Dia menjelaskan, UMKM dari dulu dan sekarang, meski 99 persennya mendominas sektor usaha di Indonesia, masih tetap kecil dan tidak makmur, karena kurang mendapat dukungan dari modal perbankan. Sehingga, mereka lebih mencari modal dari penyisihan laba, pinjam ke keluarga, bahkan juga ke rentenir.

"Karena memang konteksnya dia (UMKM dulu) enggak terkait dunia keuangan, padahal dunia keuangan tengah menghadapi krisis saat itu. Tapi ketika situasi membaik, dia karena enggak terhubung sektor keuangan, sektor keuangan sudah leading, dia enggak bisa mengikuti proses sektor keuangan itu," ucapnya.

Meski begitu, dia menegaskan, kondisi pelemahan rupiah saat ini memang benar-benar mesti diantisipasi pemerintah. Sebab, jika dibiarkan, daya beli masyarakat akan semakin melemah karena harga kebutuhan pokok semakin tinggi hingga biaya produksi industri yang terus melonjak.

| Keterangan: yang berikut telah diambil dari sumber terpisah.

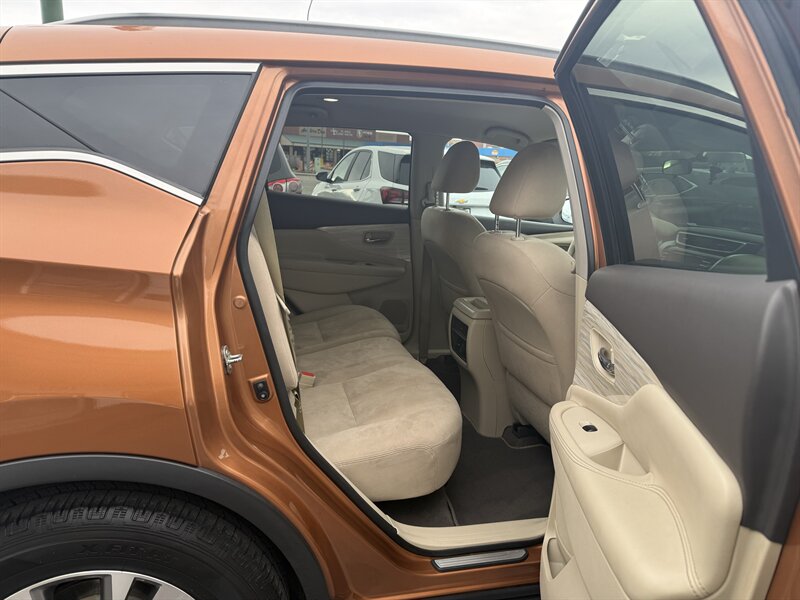 2016 Nissan Murano SV - Photo 10 - Roy, UT 84067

"Nah, sekarang masalahnya adalah rupiah terus terusan melemah ini karena impornya besar banget. salah satunya adalah dipicu oleh konsumsi kita dengan masyarakat besar, konsumsinya banyak, cuma kebutuhan konsumsinya sebagaian besar dicukupi dari impor. Bahkan, kita ekspor pun prodaknya ada konten impornya," tutur dia.